No era la primera vez que vivía en Panamá. Ya sabía del calor al abrir la puerta del avión, de la humedad abrasiva. Pero no recordaba que ahí llovía tanto. No es lo mismo la lluvia cayendo sobre el asfalto que sobre el mar. Aquello es un espectáculo de bravura, de gigantez, un rugido amenazante a plena luz del día.
Nos instalamos en un apartamento con vista al mar, en Paitilla. Aquella era una zona muy confortable, llena de edificios modernos y sitios abandonados donde la hierba crecía selvática. Era una especie de amazonas con incrustaciones de concreto. Piscinas como la de nuestro edificio, llenas de hojas y agua azul movida por la lluvia.
Las avenidas de Panamá refulgentes de vida, con vendedores aplaudiendo cuando uno pasaba para llamar la atención a los objetos. Un restaurante de mariscos llamado Chimborazo. Los hombres que por las mañanas empujaban carretas bajo el fuego del sol vendiendo chicha, los vecinos cubanos jugando al béisbol mientras les abrían las puertas de Miami. El sabor crujiente de los patacones.
Recuerdo las tardes en las que salíamos a jugar y mirar nuestra nueva vida. El canal y sus reservas de árboles. Un restaurante en medio de la selva con cañones oxidándose en la puerta. Un marine respondiéndome el saludo marcial que le hice desde el auto, cuando entramos a una sección del canal protegida.
Recuerdo aquella tarde en que nos estacionamos frente a un hipódromo bajo la lluvia. Recuerdo el gris del cielo derrumbarse a pedazos frente a nosotros, mientras el estruendo de una manada de caballos furiosos reventaba la pista y hacía temblar el auto bajo el aguacero. Llovía, siempre llovía en el Panamá gris que me creció en la memoria.
¡Cómo llovía en la Avenida Balboa! Estallaban las olas contra la calle y escupía espuma salada en las aceras mientras volaban bandadas de pelícanos hacia la nada. Las gaviotas intentando flotar sobre las rocas. El salitre impregnado en las sábanas. ¡Cómo llovía! ¡Cuánto llovía en aquella ciudad que me tomaba con su hiedra!

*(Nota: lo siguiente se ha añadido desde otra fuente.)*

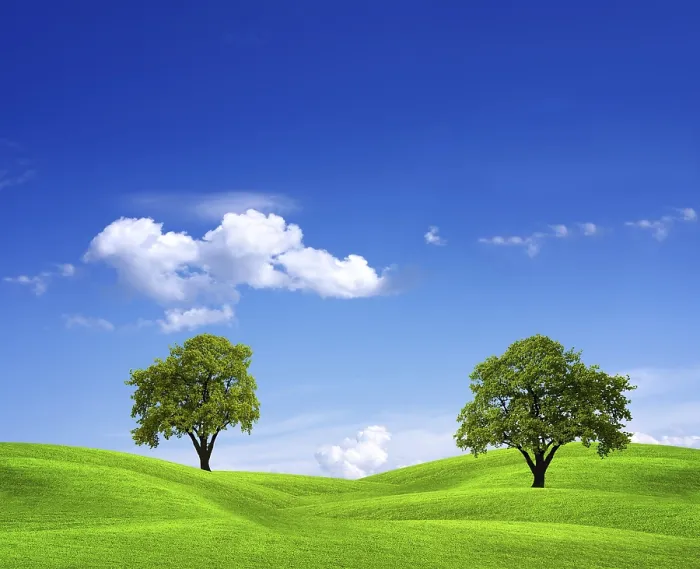 Framed Print : Green Field and Trees Print Framed Print : Green Field and Trees Print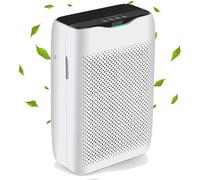 Meykey Purificateur d'air pour personnes allergiques avec filtre à air H13 HEPA contre 99,97% des moisissures, de la poussière et du pollen, CADR 258m³/h pour chambres fumeurs, la maison et le bureau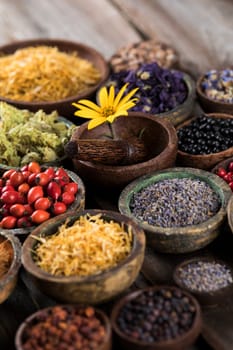 Homeopathy, herbal medicine on wooden table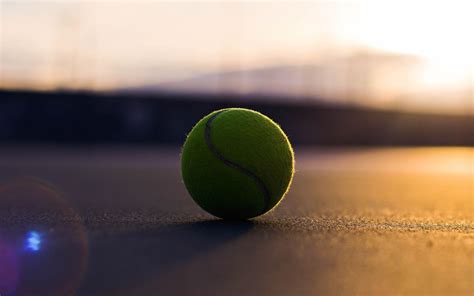 Tennis Ball Wallpapers Top Free Tennis Ball Backgrounds Wallpaperaccess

¿Aquél parque cerca de casa, te acordás? Le pregunté a mi madre anoche mientras cenamos y hablamos de él. Yo lo busqué en las fotos del satélite y está ahí: el parque de Paitilla, con un breve malecón y una banca con árboles atrás ¿Es cierto que era así? Mi madre me lo confirmó, yo la recuerdo sentada mirando las olas, con mi hermana jugando por ahí mientras yo miraba a los niños lanzándose desde el malecón hacia el agua grisácea, perdiéndose unos segundos, como si hubiesen muerto y emerger resurrectos entre las rocas amontonadas a lado del malecón.
Recuerdo a aquél niño que al salir caminó entre las piedras escalándolas, mientras me miraba y rugía como un pequeño monstruo. Yo estaba nervioso, asustado, feliz, ¿venía realmente hacia mí? ¿eso que devolvió el mar era realmente un niño? Mi corazón latía, tan fuerte y no podía decir nada, no podía moverme, solo verlo acercarse extendiendo la mano hasta alcanzarme y darme una caricia en el pelo mientras sonreía y corría de nuevo a lanzarse al agua donde yo jamás me atreví a estar.
Ese parque ya no existe, me confesó mi hermana. Ella acaba de estar de nuevo en Panamá. Lo demolieron, construyeron más edificios. Ya no importa. Esa ciudad me crece en la memoria, como todo. ¿Acaso no es la vida eso?, ¿acaso no hay una mejor imagen para poder explicarme que una pequeña montaña de polvo compuesta de partículas multicolor apuñadas, esperando saber de la lluvia o el viento? He vuelto a Panamá un par de veces y no he querido volver a estar en esos sitios.
Llueve en Guatemala. Estoy a punto de cumplir treinta y cuatro años y solo soy una montañita de polvo haciéndose preguntas sobre el viento.